To create more transparency about cancer screening and its true benefits and harms the American Cancer Society (ACS) has revised its guidelines.

To comply with these new standards the ACS will now use an independent writing group to create the new guidelines, to ensure consistency, transparency of information, and clear communication about the effects and the good aspects of cancer screening.

Tim Byers, MD, MPH, is the chair of the society’s guidelines process work-group, and said in a statement, “This new process should ensure that ACS cancer screening guidelines will continue to be a trustworthy source of information for both healthcare practitioners and the general public to guide clinical practice, personal choice, and public policy about cancer screening”.

In March of 2011, the Institute of Medicine (IOM), outlined how new guidelines for cancer screening should be developed, and the American Cancer Society confirmed that their new guidelines will comply with IOM’s standards.

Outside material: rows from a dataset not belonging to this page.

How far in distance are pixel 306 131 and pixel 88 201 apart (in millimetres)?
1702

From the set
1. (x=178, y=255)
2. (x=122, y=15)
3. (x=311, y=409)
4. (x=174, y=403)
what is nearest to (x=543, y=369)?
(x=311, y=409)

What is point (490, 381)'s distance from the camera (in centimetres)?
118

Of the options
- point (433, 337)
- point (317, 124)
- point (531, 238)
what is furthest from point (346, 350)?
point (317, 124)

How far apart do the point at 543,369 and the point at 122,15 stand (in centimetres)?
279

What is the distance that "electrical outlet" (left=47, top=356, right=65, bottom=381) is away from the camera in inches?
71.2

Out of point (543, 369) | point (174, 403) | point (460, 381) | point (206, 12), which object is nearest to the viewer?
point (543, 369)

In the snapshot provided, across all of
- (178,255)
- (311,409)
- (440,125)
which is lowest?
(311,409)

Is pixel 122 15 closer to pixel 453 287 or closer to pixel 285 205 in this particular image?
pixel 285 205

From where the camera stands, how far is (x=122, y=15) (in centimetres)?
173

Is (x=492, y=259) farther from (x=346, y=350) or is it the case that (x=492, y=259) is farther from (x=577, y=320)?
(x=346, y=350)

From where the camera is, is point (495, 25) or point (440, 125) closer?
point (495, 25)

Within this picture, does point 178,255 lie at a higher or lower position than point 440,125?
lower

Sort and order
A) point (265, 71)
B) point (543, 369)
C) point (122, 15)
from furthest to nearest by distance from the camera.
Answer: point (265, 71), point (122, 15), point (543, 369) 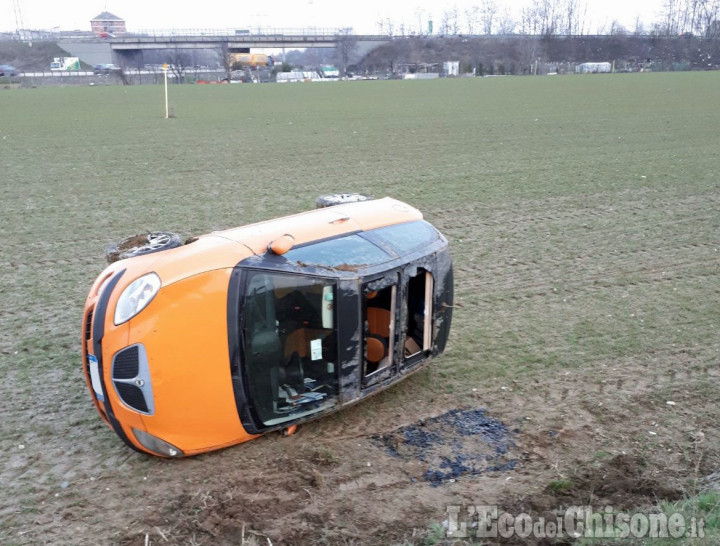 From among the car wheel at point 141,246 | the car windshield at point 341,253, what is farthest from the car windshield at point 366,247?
the car wheel at point 141,246

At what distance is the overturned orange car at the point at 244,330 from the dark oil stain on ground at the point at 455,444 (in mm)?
510

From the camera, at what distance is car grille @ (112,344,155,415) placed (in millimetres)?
5031

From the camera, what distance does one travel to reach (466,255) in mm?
10680

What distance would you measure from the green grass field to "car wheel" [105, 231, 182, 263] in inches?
55.4

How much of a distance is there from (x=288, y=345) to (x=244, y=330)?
387 mm

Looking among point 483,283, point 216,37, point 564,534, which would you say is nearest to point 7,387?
point 564,534

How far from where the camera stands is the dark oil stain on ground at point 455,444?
550 cm

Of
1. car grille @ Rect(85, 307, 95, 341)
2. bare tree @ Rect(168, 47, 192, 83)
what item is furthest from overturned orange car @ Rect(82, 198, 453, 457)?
bare tree @ Rect(168, 47, 192, 83)

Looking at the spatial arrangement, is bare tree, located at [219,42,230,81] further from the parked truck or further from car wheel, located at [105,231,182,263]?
car wheel, located at [105,231,182,263]

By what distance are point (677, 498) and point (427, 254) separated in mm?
2704

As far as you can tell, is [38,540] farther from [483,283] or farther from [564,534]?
[483,283]

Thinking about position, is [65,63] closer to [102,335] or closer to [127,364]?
[102,335]

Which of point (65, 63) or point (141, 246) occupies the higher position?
point (65, 63)

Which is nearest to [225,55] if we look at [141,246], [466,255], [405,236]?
[466,255]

Byers added, “Historically, the ACS has convened ad hoc screening guideline groups to come up with its recommendations for methods of cancer screening. Although that approach has resulted in highly credible and useful guidelines, we saw that the ACS process could be improved in terms of consistency, transparency, scientific rigor, and communications.”

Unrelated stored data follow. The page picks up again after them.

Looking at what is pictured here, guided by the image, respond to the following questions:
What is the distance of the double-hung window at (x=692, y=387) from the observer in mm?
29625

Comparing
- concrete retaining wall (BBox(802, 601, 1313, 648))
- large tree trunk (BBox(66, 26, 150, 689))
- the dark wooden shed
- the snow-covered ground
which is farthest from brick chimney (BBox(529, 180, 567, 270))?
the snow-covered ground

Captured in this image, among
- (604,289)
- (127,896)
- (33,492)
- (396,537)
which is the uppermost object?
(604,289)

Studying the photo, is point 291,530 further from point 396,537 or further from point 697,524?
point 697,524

The new process will also include a final review from professional organizations and experts to make suggestions and comments on the new guidelines. Both these experts as well as the independent writing group will ensure that the new guidelines are easy for the general public to interpret, and free from the ACS’s professional conflict of interests.

Cancer screening information will also be reviewed periodically by the independent evidence group and a rewriting and update of the regulations will be rewritten every five years.